TASK INPUTS:

· · ·

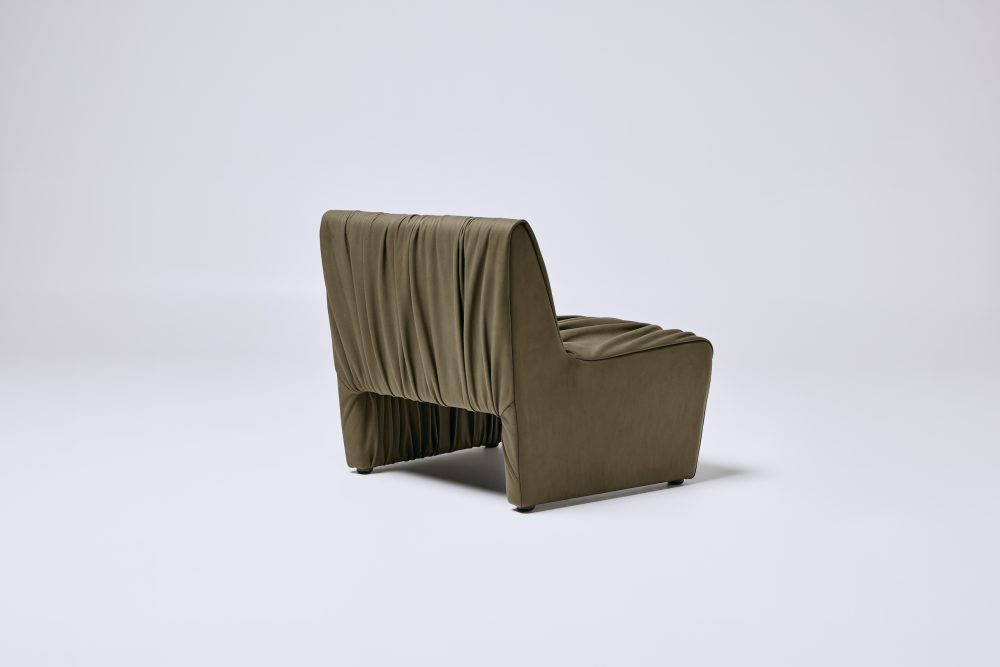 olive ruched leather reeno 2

· · ·

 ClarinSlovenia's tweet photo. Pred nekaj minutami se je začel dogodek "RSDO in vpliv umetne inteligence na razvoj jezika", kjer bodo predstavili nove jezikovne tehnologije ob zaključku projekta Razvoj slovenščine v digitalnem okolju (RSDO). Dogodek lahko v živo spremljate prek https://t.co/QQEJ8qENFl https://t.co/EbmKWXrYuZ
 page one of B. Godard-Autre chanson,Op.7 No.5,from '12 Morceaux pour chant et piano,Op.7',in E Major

· · ·

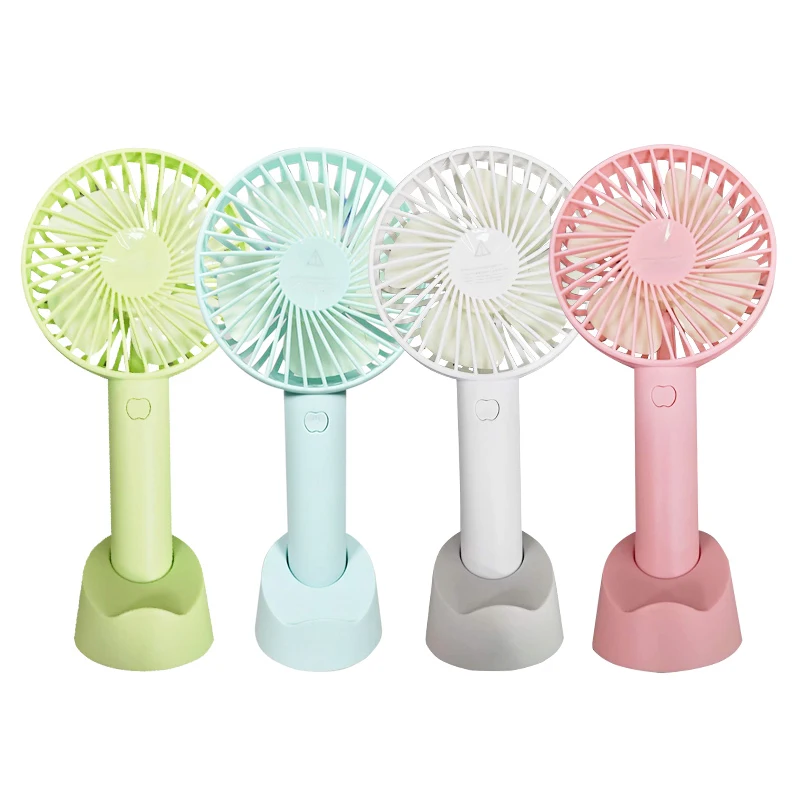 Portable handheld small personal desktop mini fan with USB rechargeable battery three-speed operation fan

· · ·

INSTRUCTIONS TO FOLLOW: Return only the lines between the one holding "ClarinSlovenia's tweet photo." and the one holding "page one of", inclusive, exactly as they appear above.

ANSWER SPACE:
 ClarinSlovenia's tweet photo. Pred nekaj minutami se je začel dogodek "RSDO in vpliv umetne inteligence na razvoj jezika", kjer bodo predstavili nove jezikovne tehnologije ob zaključku projekta Razvoj slovenščine v digitalnem okolju (RSDO). Dogodek lahko v živo spremljate prek https://t.co/QQEJ8qENFl https://t.co/EbmKWXrYuZ
 page one of B. Godard-Autre chanson,Op.7 No.5,from '12 Morceaux pour chant et piano,Op.7',in E Major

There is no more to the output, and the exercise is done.